## What the task requires
Retype the following records exactly and exclude the pictures.

## Data records
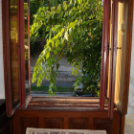 Megnyitotta kapuit a Ceglédi Közösségi Múzeum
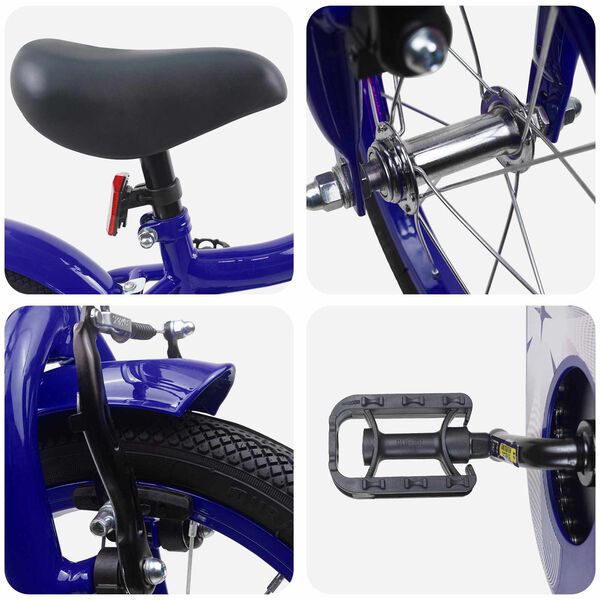 Affichage de l&rsquo;image produit 4 sur 9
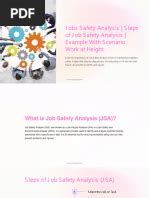 Image result for News Flash Report Example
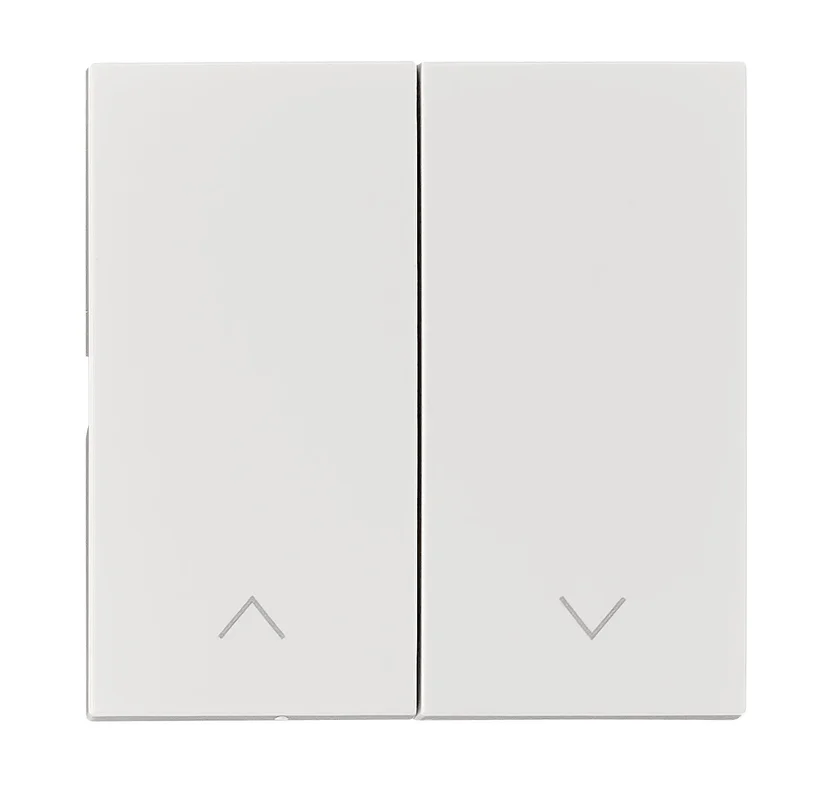 tela-220260710024728553401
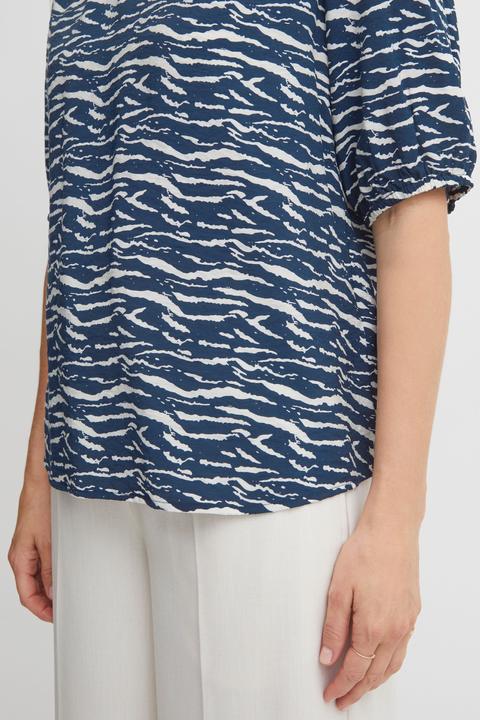 Image du produit Fransa FRNITA Bl 1 - 20611923 (XS)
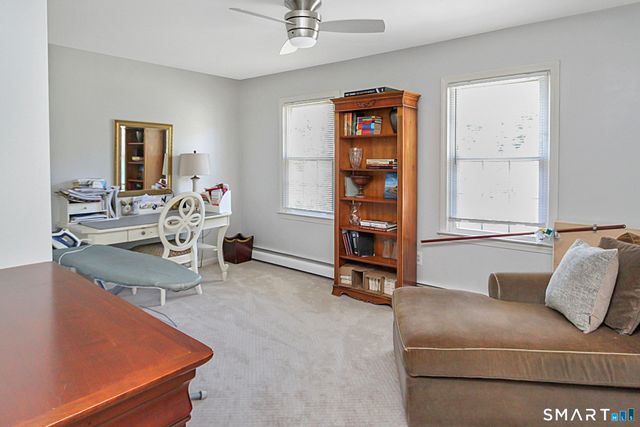 27 River Bend Road, Trumbull, CT 06611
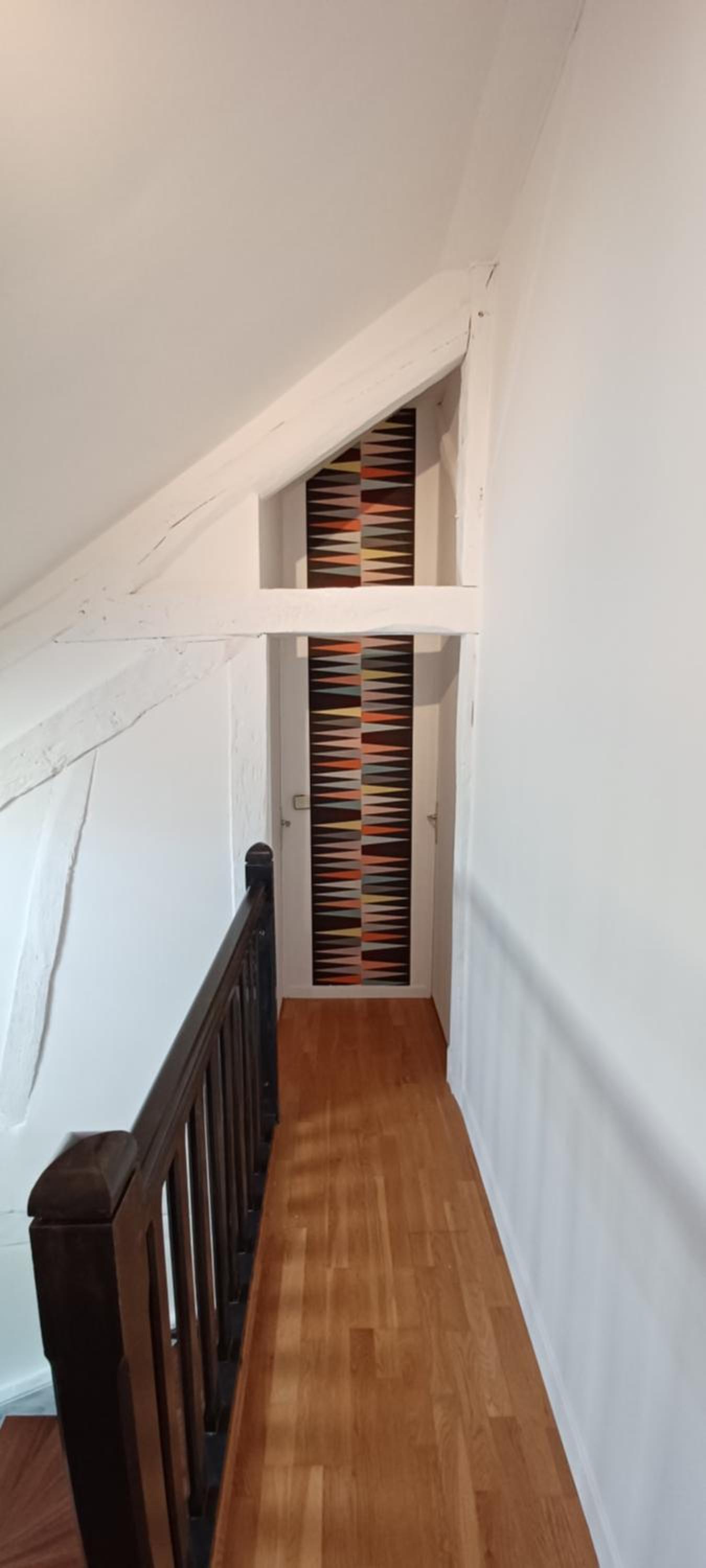 Superior Suite photo 2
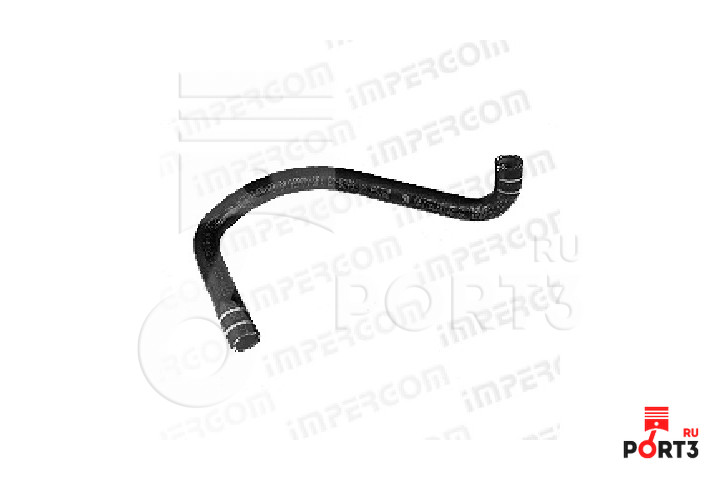 ORIGINAL+IMPERIUM 18822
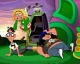 Prvních patnáct minut z adventury Day of the Tentacle Remastered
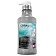 Spa Pharma Body Wash Detoxifying Detoksykujący żel do mycia ciała 750ml Coconut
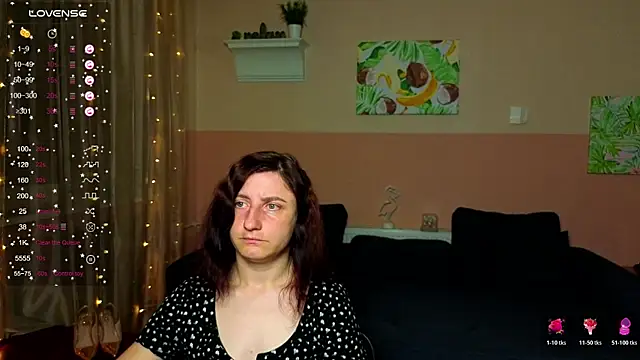 Muse_kitty_jenia webcam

## Response below
 Megnyitotta kapuit a Ceglédi Közösségi Múzeum
 Affichage de l&rsquo;image produit 4 sur 9
 Image result for News Flash Report Example
 tela-220260710024728553401
 Image du produit Fransa FRNITA Bl 1 - 20611923 (XS)
 27 River Bend Road, Trumbull, CT 06611
 Superior Suite photo 2
 ORIGINAL+IMPERIUM 18822
 Prvních patnáct minut z adventury Day of the Tentacle Remastered
 Spa Pharma Body Wash Detoxifying Detoksykujący żel do mycia ciała 750ml Coconut
 Muse_kitty_jenia webcam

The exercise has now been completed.